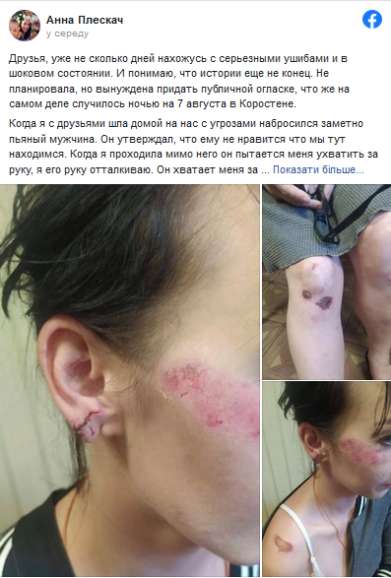 Депутата-"слугу" обвиняют в нападении на женщину 1 8ae26cba2f9f7f872b7d51e04dcf0195 dqxikeidqxitkant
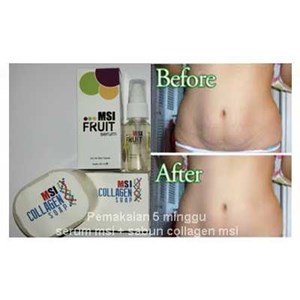 penghilang stretchmark dan selulit aman berbpom dan cepat-3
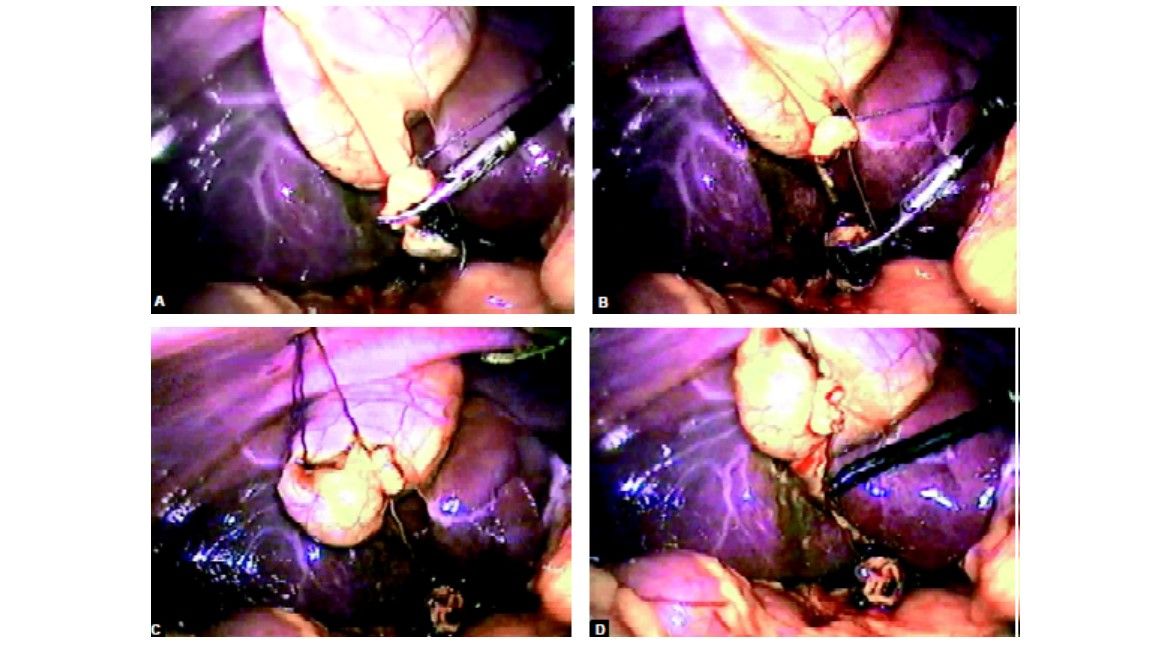  The extracorporeal knot of cystic duct is used to pull the neck up and to expose bed of the gallbladder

§ Exercise instructions
Output the material word for word. Pictures do not go in.

§ Exercise answer
 Депутата-"слугу" обвиняют в нападении на женщину 1 8ae26cba2f9f7f872b7d51e04dcf0195 dqxikeidqxitkant
 penghilang stretchmark dan selulit aman berbpom dan cepat-3
  The extracorporeal knot of cystic duct is used to pull the neck up and to expose bed of the gallbladder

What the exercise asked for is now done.